Aha, cascading, I didn't realize that before.

> One of the reasons why this is specifically a problem is because it means
> that EGL clients can't update any surface state without either a full
> repaint or a new EGL extension.  The obvious answer is "just re-send the
> old wl_buffer".  However, EGL clients don't have acess to it and can't
> re-send.  They can only repaing and have EGL send a new buffer.  Therefore,
> if we want to allow for updating surface state without repainting, we need
> a way to say "just use the previous one"

I suspect a slight misunderstanding here. You can always change surface
state with an immediate commit, even without an attach. Changing buffer
state would require an attach. As buffer state is intimately tied to
the buffer contents, I can't see a reason to be able to change buffer
state without redrawing it.

> Another thought is what Axel Davy brought up on IRC this morning, that of
> swapInterval > 1.  However, here it isn't a problem because eglSwapInterval
> is handled by the EGL implementation and it does have access to the
> previously submitted wl_buffer so it can resubmit.

I'm not sure resubmitting from inside EGL is appropriate... it depends
on when you do it, did the application have a chance to push new
pending state to the surface. An app certainly does not expect e.g.
glClear to cause a wl_surface.commit.

Using queueing for swapinterval > 1 would be more reliable, IMO. If an
EGL implementation decides to support swapinterval > 1 in the first
place.

> Also (again, Axel pointed this out) there is a race here between the
> wl_surface.attach and the wl_buffer.release.  However, if we specify that
> wl_buffer.release gets called once for each wl_surface.attach this can be
> handled by simple client-side reference-counting.  Still kind of a pain
> though.

Yeah, this problem is also not invented with queueing. You can create
the same problem without the presentation extension, too. If a client
attaches a wl_buffer first to one wl_surface, then to another
wl_surface, and then receives wl_buffer.release, it is ambiguous
whether the release is a "reply" to only the first attach, or both. The
server might repaint in between the attaches and send the release.

I suspect we should start a new thread about this.

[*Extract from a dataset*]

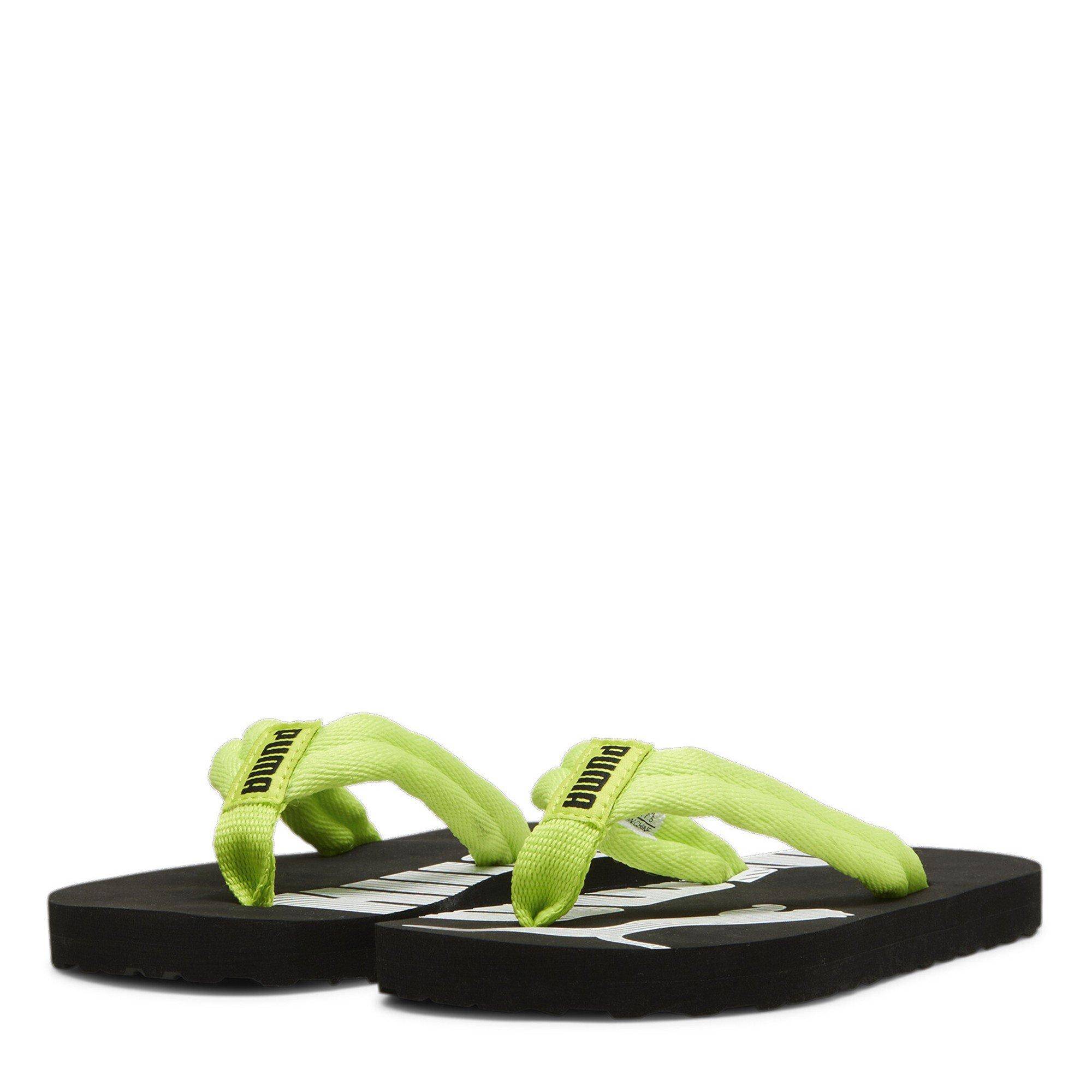 Puma Puma Epic Flip V2 Ps Sliders Unisex Kids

Once for each attach (attach+commit)... I like that idea and see it is
necessary, but it's a behavioral change to the existing core protocol, I
believe.

> Also on IRC, you brought up the idea of changing the frame callback to be
> more of a "you should redraw now" and less of a "your buffer just got put
> onscreen".  Obviously, this breaks anything (such as Weston's
> wayland-backend.so) that uses the frame callback as anything other than a
> throttling hint.  My feeling is that changing the frame callback to be more
> of a "you should re-draw now" is probably ok as long as we do two things:
> a) Figure out how many clients actually abuse it and how much damage
> changing it will cause.  b) guarantee that any buffer committed after the
> frame callback has been sent will be presented strictly later than the one
> associated with the frame callback.  Without this basic guarantee, it would
> again become useless.

The very first time I ever saw wl_surface.frame, I immediately
misunderstood its purpose. I thought it was sent when the update hit
the screen, not when the compositor is _starting_ to repaint with the
update. Since then I have added wording to the core protocol spec I no
longer consider right: that you can get frame callback guaranteed
triggered also without any content or state updates. Does the frame
callback mean "the compositor is repainting" or "the content update is
being processed for screen now" / "your last frame is being used, now
is a good time to prepare the next one". We suggest to avoid frame
callbacks when the surface is not visible, which breaks "the compositor
is repainting" interpretation. I have a history of misunderstanding the
frame callback's purpose.

What is the frame callback supposed to mean? Don't think about how it
is implemented in Weston, but what it is supposed to convey? What
implications are deliberate and what are just side-effects of the
current implementation in Weston?

Anyway, the current "convenient" wording in the core spec ties up the
immediate commit behaviour.

Back to the problem at hand, how should the frame request be handled in
the various cases? Let me try to clarify the different cases where it
occurs.

commit
- immediate commit without an attach
- apply surface state, but not buffer state
- current spec says frame callback is triggered by the next compositor
  repaint; frame callback applied

attach+commit
- immediate commit with an attach
- apply surface and buffer state
- frame callback triggered by the next compositor repaint, because that
  is when the new surface content is applied, too; frame callback
  applied

queue+commit
- queued commit without an attach
- presentation extension specifies this case as undefined behaviour
- should we have some defined behaviour instead?

attach+queue+commit
- queued commit with an attach
- queues buffer state, does not modify current surface or buffer state
- resets dx,dy from attach to zero?
- creates a queued update in the per-surface queue
- Does frame callback get queued, left as pending, or applied?

The core protocol specification explicitly requires the 'commit' case
as described above, so I cannot say that frame callbacks are buffer
state. That needs fixing my proposal.

The remaining question is, what to do in the 'attach+queue+commit'
case. I think applying would make the least sense, because a queueing
commit is not expected to change the current state immediately.

If the frame callback is left as pending, there is no easy alternative
mechanism to achieve the equivalent of queueing it. But could there
even be a need for such?

If the frame callback is queued, it will get triggered when the queued
update is applied, i.e. in the same fashion when an immediate update is
applied. If a client wants the immediate frame callback, it can do a
frame+commit after the queued commit.

What are the consequences of choosing either behaviour?

If eglSwapBuffers for whatever reason wants to have the immediate frame
callback while we specify it can be queued, EGL will always need to
commit twice. However, I cannot see why it would want that. Doing N
times frame+commit to implement swapinterval N is bad: the application
may push new pending state and does not expect random commits to occur
behind its back. Unless EGL stalls inside eglSwapBuffers call until it
has sent the last commit it needs, which would probably be bad for
performance.

But if frame callbacks can be queued, and EGL uses queueing to
implement swapinterval > 1, then EGL could simply use the frame
callback like it uses it for swapinterval=1. (Is EGL allowed to use
queueing? Should applications expect explicit queueing to work with
EGL?)

My opinion at the moment is that frame callbacks should be queueable,
but they are not buffer state because of the immediate commit without
attach case. With this, the changes to the core protocol would be
limited to explicitly disabling the change of e.g. buffer_scale without
attaching a wl_buffer.

Thanks,
pq